The UM School of Law was where Lewis met his future mentor, the late Edward Perse, J.D. ’61. “I started clerking for him, and it’s just one of those wonderful experiences where by happenstance, you meet one of the finest people who ever walked the Earth.” Perse, an appellate lawyer, introduced Lewis to Larry Kuvin, J.D. ’58. Lewis practiced civil trial and appellate law with Kuvin in Miami until he became a justice on the Florida Supreme Court, appointed in 1998 by the late Governor Lawton Chiles.

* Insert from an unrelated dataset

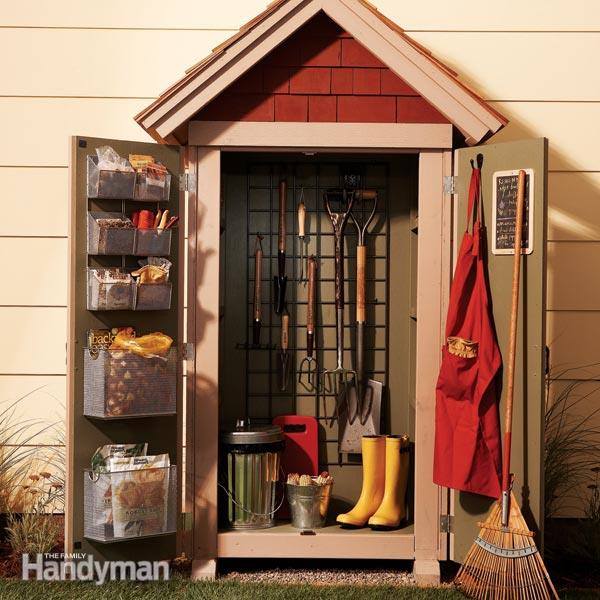 21 Most Creative And Useful DIY Garden Tool Storage Ideas ...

Married since 1969, Lewis and his wife, Judith, have two daughters. Elle, a former Florida USTA tennis champion, is a civil engineer in Texas. Their younger daughter, Lindsay, 21, who lives with her parents in Tallahassee, suffers from lactic acidosis, an incurable mitochondrial syndrome that attacks the central nervous system and has left her hearing and sight impaired. “She’s a gift from God,” Lewis adds, noting that doctors did not expect her to survive beyond the age of 6.

During his years of private practice, Lewis often volunteered his time and knowledge counseling families of other special-needs children. He also provided countless hours of pro bono legal services to cancer patients. Lewis says these involvements convinced him that he “became a lawyer for the right reasons.”

A former longtime member of the Board of Directors of Miami Children’s Hospital, Lewis now volunteers with the Florida Law Related Education Program, which offers teachers and students insight into government institutions and fosters access between the public and judicial officers.

As chief justice, Lewis is committed to ensuring that Florida’s court system remain open in the wake of natural disasters, pandemics, transportation interruptions, and other threats. He also wants Florida’s courts to implement technology “in a good and open way that recognizes and protects the constitutional liberties and the privacy of the citizens of Florida,” and he wants to see better court access for the elderly and the disabled.